> _DATASET_
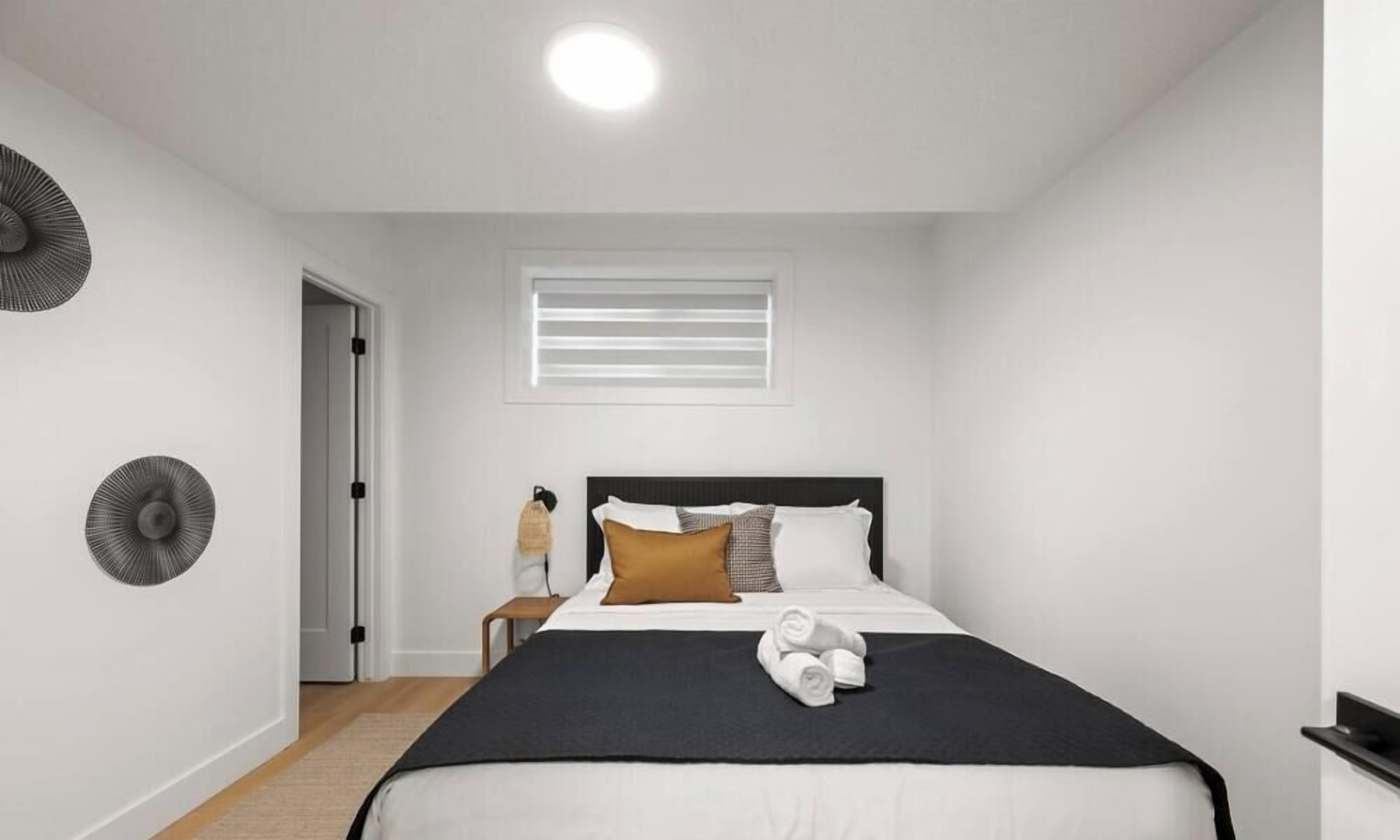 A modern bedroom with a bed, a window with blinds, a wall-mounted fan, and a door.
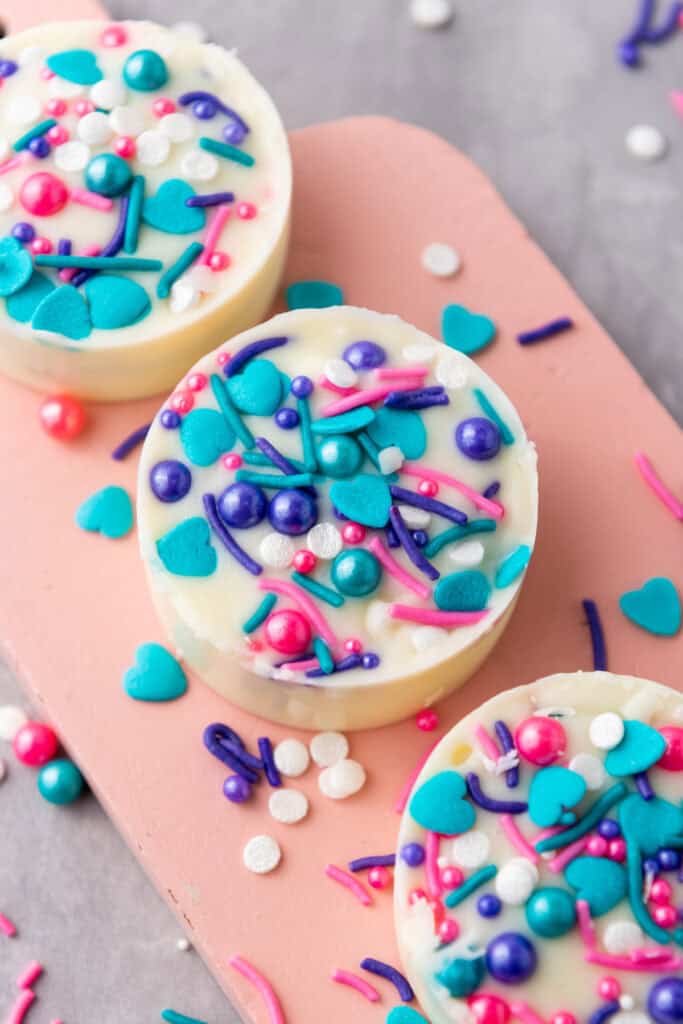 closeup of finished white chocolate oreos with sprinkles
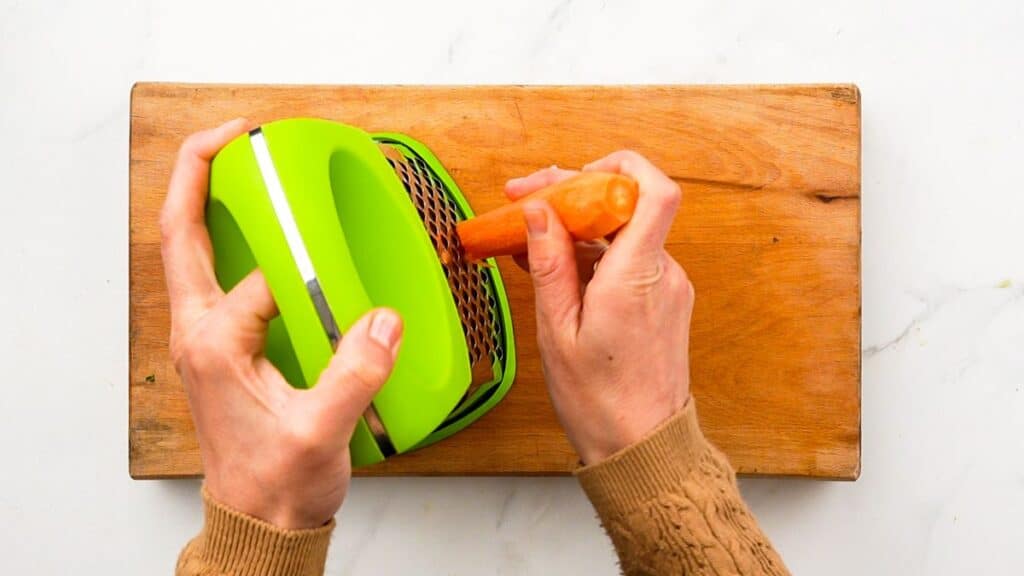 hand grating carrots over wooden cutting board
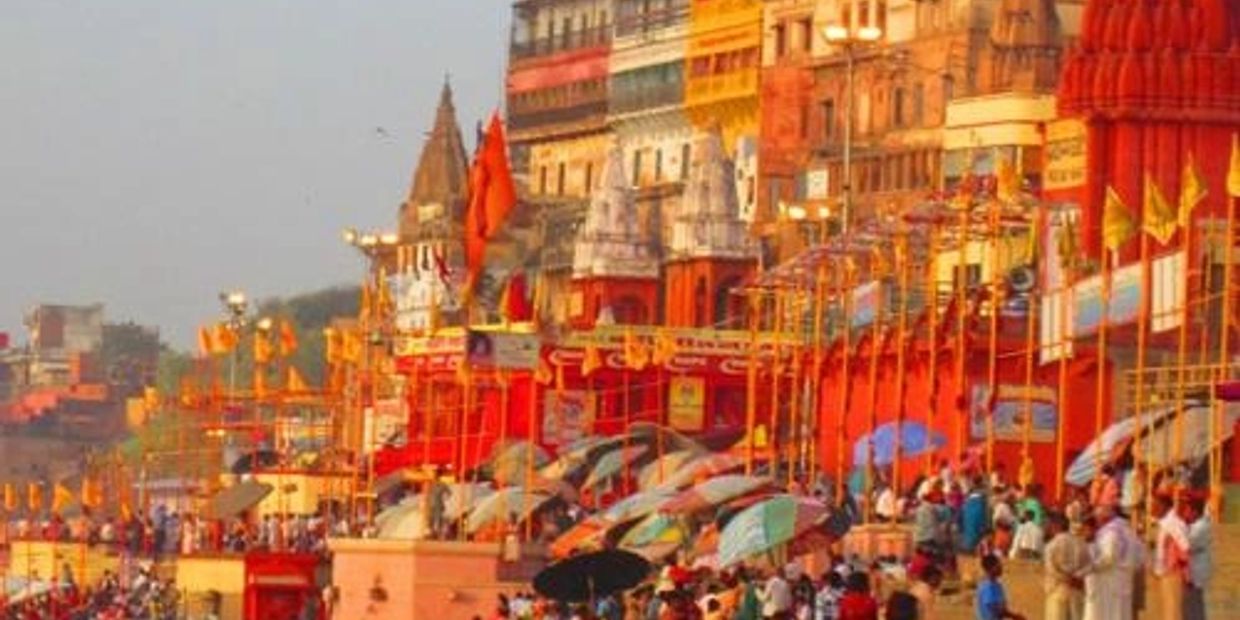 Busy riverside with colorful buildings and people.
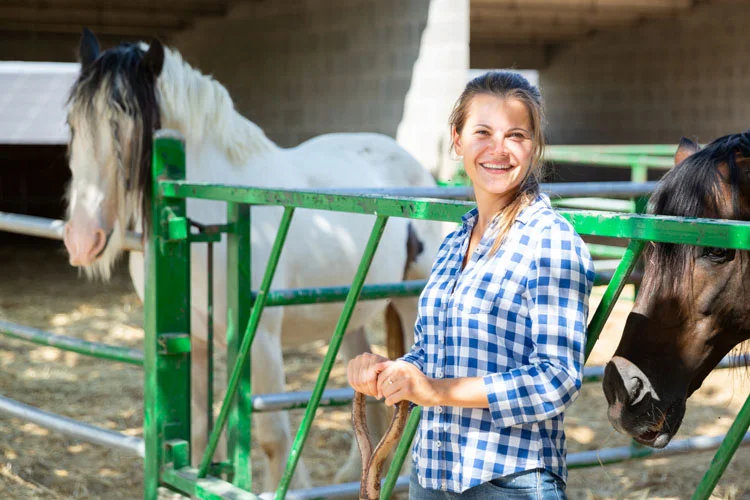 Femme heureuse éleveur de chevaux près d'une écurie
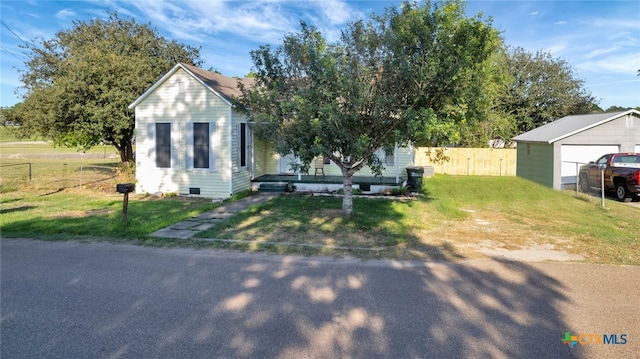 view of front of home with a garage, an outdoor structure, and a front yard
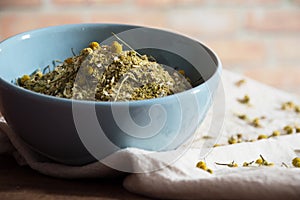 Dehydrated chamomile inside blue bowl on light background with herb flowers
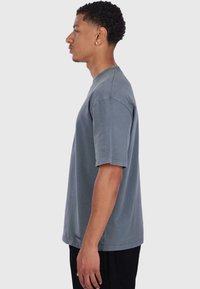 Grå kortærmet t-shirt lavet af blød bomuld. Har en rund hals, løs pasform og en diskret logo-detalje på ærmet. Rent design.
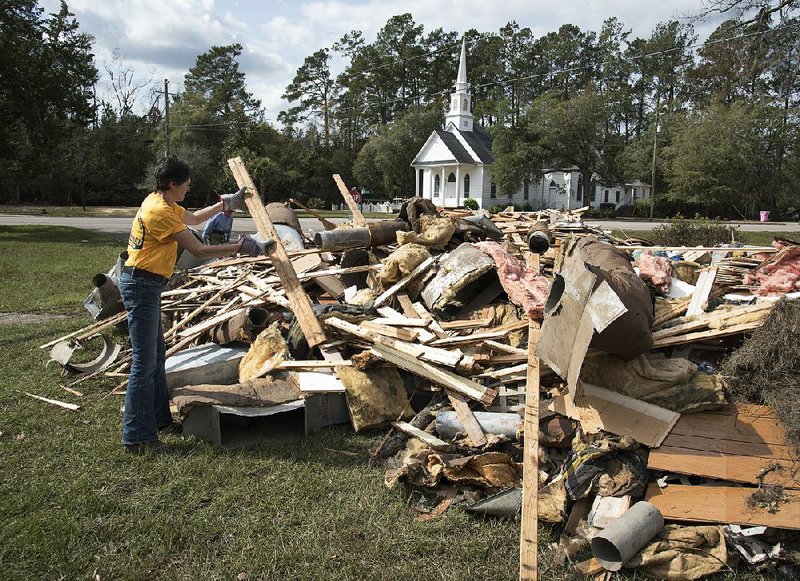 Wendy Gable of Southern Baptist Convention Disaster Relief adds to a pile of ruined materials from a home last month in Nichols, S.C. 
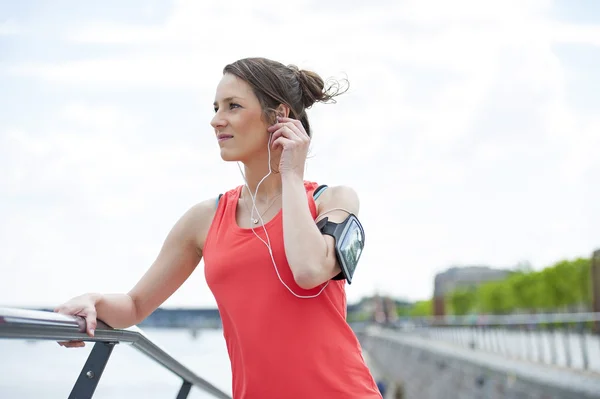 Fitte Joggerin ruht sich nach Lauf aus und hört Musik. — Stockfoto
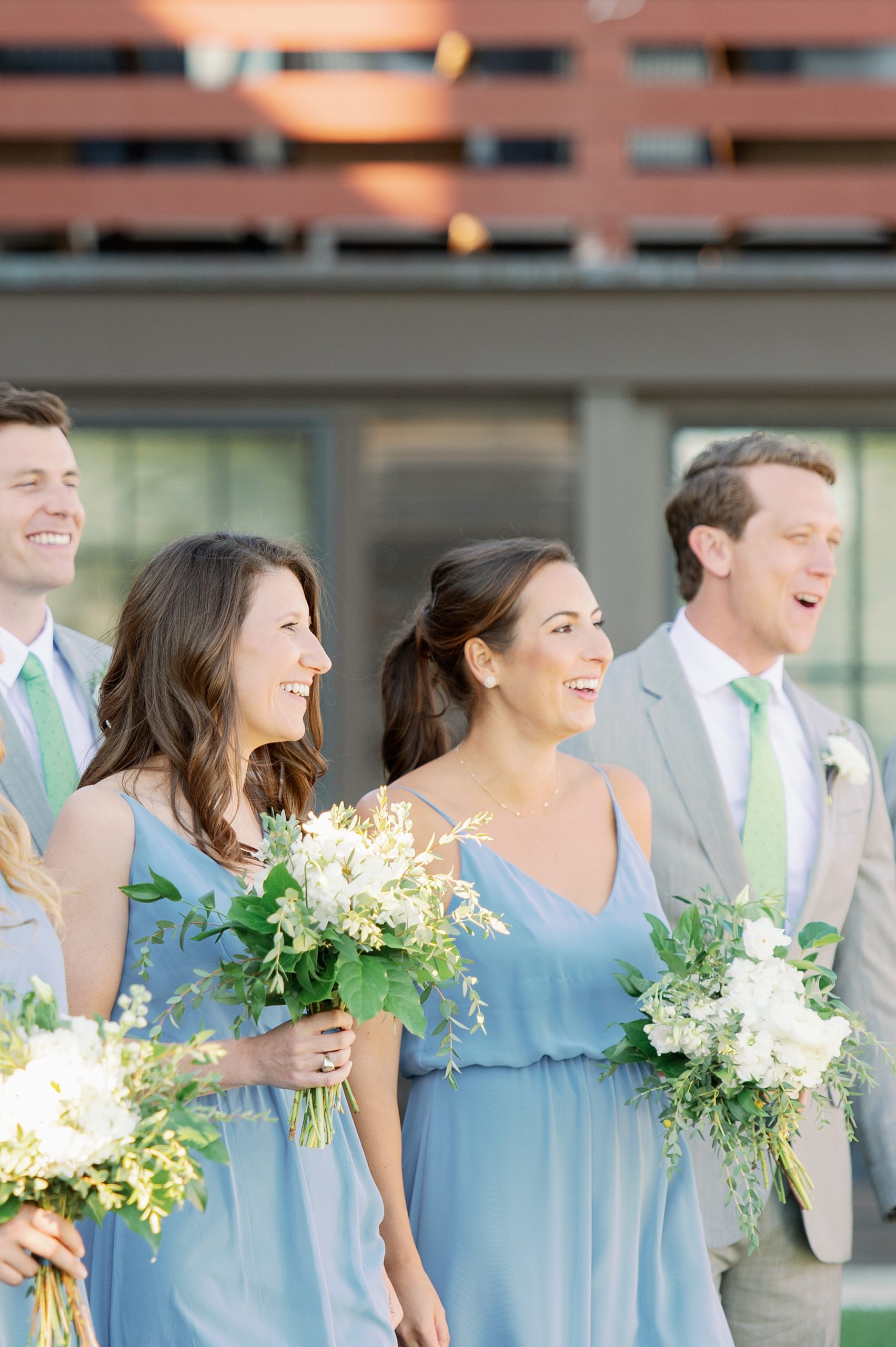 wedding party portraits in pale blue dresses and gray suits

> _PROBLEM DESCRIPTION_
Give back exactly the lines from the line with "closeup of finished" through the end of the records, both included; keep all pictures out.

> _TASK OUTPUT_
 closeup of finished white chocolate oreos with sprinkles
 hand grating carrots over wooden cutting board
 Busy riverside with colorful buildings and people.
 Femme heureuse éleveur de chevaux près d'une écurie
 view of front of home with a garage, an outdoor structure, and a front yard
 Dehydrated chamomile inside blue bowl on light background with herb flowers
 Grå kortærmet t-shirt lavet af blød bomuld. Har en rund hals, løs pasform og en diskret logo-detalje på ærmet. Rent design.
 Wendy Gable of Southern Baptist Convention Disaster Relief adds to a pile of ruined materials from a home last month in Nichols, S.C. 
 Fitte Joggerin ruht sich nach Lauf aus und hört Musik. — Stockfoto
 wedding party portraits in pale blue dresses and gray suits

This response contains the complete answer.